Alison Massam, an education advisory member for the Ontario Autism Coalition, has had a similar experience.

Two of her children, a son, diagnosed with autism and a daughter diagnosed with post-traumatic syndrome disorder, faced barriers to receiving services within the school system.

Her daughter was required to visit a private social worker because, according to Massam, overwhelming wait times and case loads within the school board.

With a student population of approximately 69,000, the DDSB currently employees 21 social workers.
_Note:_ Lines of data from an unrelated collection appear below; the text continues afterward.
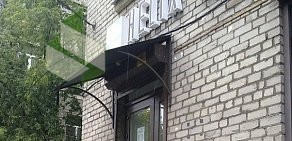 Лабораторная служба Хеликс ДЦ Чернореченский на Торжковской улице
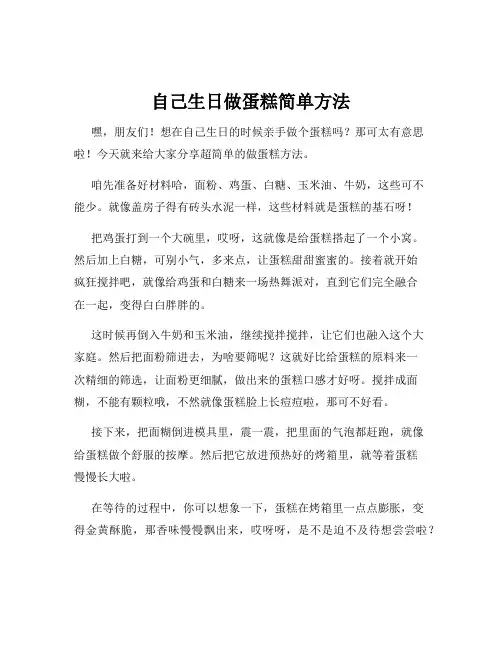 自己生日做蛋糕简单方法
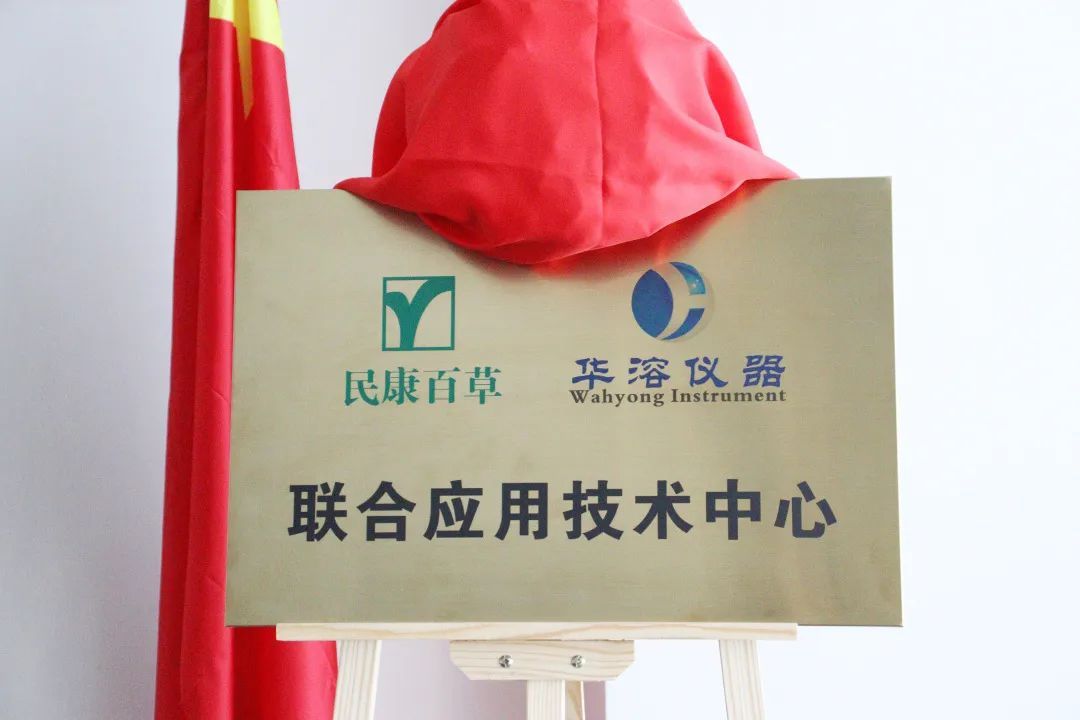 已在三大片區分別成立聯合應用技術中心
“To me that is shocking and to me, that explains why my daughter could not access social works services in the school setting, which is where she needs it the most because that is where her anxiety is the most,” Massam says.

Speaking with The Express, Mastin says it was apparent there was a significant “emotional connection” to the topic of discussion for many in attendance.

“People that are coming out are the ones impacted by this. It’s not just a neutral conversation. The comments we’ve heard are there is a great deal of frustration in the experience that their children are having while at school. They are wishing there was more information on things like evacuations.”

Incidents such as these evacuations of classrooms after an attack by a student on a classmate or a staff member have become commonplace, says Pamela Downward, a former teacher, and former health and safety officer for ETFO Durham.

Because of the apparent lack of resources for students with unique needs, the classroom and school in general, often becomes a place of anxiety for the children, who then lash out without thinking about their actions, Downward says.

“While I was teaching, on a daily basis I’d witness classrooms, sometimes my own, destroyed. I took calls from members who have been bitten, punched, kicked, threatened, slapped and scratched.”

To Downward, these incidents are something students have come to expect.

“Students in my Grade 2 class became accustomed to the signs of their peers who were escalating and would alert me, knowing that we would have to evacuate as soon as possible,” she said.

Bev Fiddler, a teacher who attended the Oshawa meeting, says she finds herself questioning what the teacher’s role in the classroom has become.

“We are not social workers or child and youth workers,” she commented. “Schools are becoming treatment facilities.”

According to Mastin, the slippery slope towards the current situation began when Ontario PC Party took power in 1995 under the leadership of Mike Harris, who ran on a platform of significant spending cuts.

An ETFO report, released in August 2017, estimates the Harris government sliced education spending by $1.5 billion between 1995 and 1998, which included cuts to special education funding.

While Mastin conceded the current government has enacted some positive measures in education, such as all-day kindergarten, he says they have failed to address the shortcomings as a result of spending cuts.

Numerous school board trustees attended the meetings, so Mastin said he was pleased with the response on a local level, however, according to him, only Oshawa MPP Jennifer French attended the meetings after invitations were forwarded to all local provincial politicians.

While disappointed, he says he could “understand why Liberal MPPs won’t be there.”

Moving forward, ETFO Durham will hold future public discussions, and with their concerns well established, there will be a focus on what they feel needs to be done to address the situation.

“The [2018] provincial election is very much on our radar. We want to inform all political parties,” Mastin says.